Notes and Commentary on "Ur Blog Sux and Print is Dead"

Ur Blog Sux and Print is Dead, with Ben Huh, CEO of I Can Has Cheezburger? and FAIL Blog, Christian Lander Writer of Stuff White People Like, Kerry Miller of passiveaggressivenotes.com, Heather Armstrong President of Blurbodoocery Inc. and Ana Marie Cox National Correspondent for Air America, brought laughs and insight to the crowd gathered in room 18 of the convention center Tuesday.

UR Blog Sux and Print is Dead
UR Blog Sux and Print is Dead

The first talking point: they have all received death threats since becoming celebrity bloggers .

“Once you become somewhat known on the Internet, once they find out who you are, they want to find a lot more than you want them to know,” said Huh.

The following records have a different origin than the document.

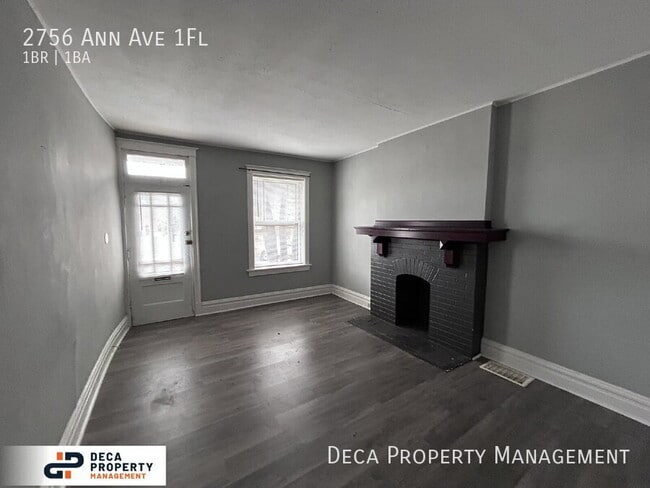 Building Photo - 2756 Ann Ave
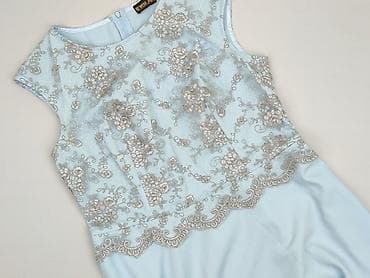 klapki ezzy: EWM, Sukienka damska, rozmiar M — 1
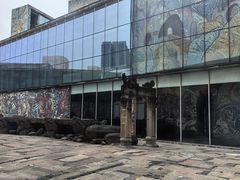 -四川美术学院美术馆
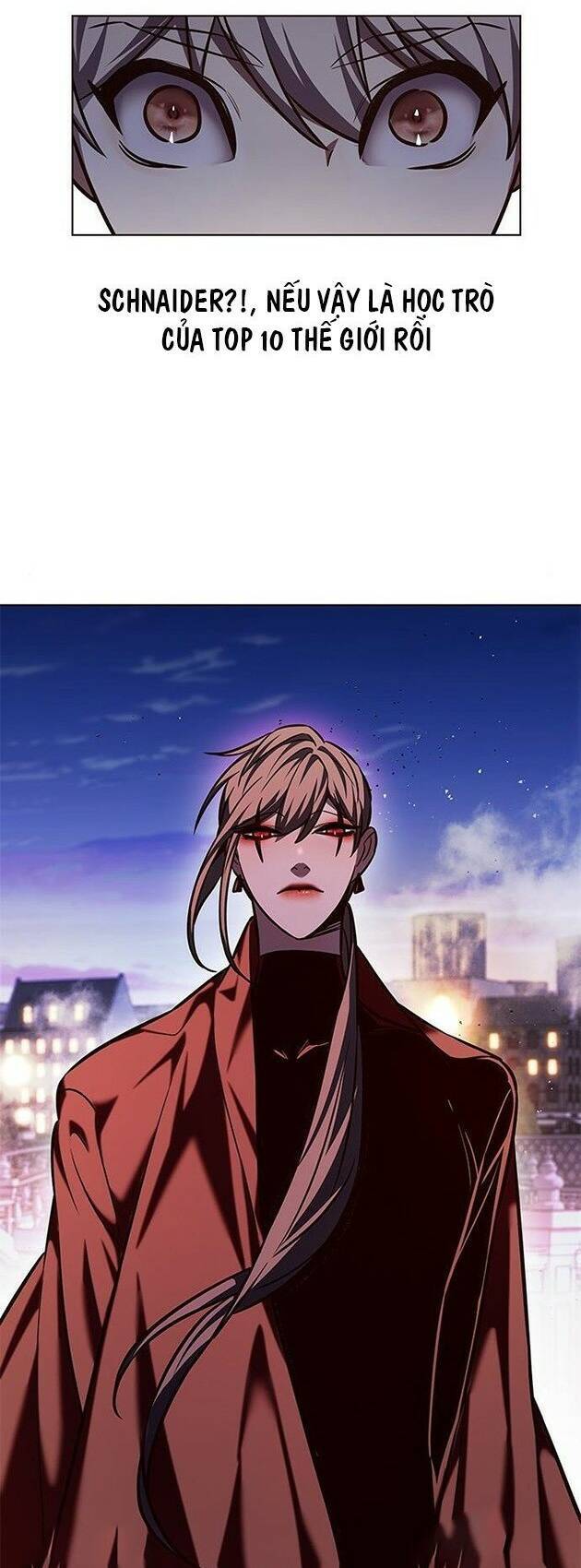Hoá Thân Thành Mèo Chap 220 - Next Chap 221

Armstrong once wrote a post about Palin and someone commented “I know where you live and I’m going to come hurt you.” Scary.

“I haven’t had as many threats as hope for my deaths,” said Lander.  He recommended when purchasing hosting to “pay the extra 15 bucks for the anonymizing, I strongly recommend that… When people send in stuff about how much they hate me, I don’t engage that.”

“Most of the death threats are not serious,” said Huh. “They just had a problem with a bad link.”

“The total crazies are not that hard to deal with,” said Miller. “The ones that are hard to deal with are the smart people and with the cover of anonymity are just really mean.”

Huh and Armstrong both said that it gets really scary when the threateners cross the line and make real contact like sending mail or leaving voicemails.

Once they addressed the death threat elephant in the room, the panel discussed how none of them really planned for it to work out the way it did.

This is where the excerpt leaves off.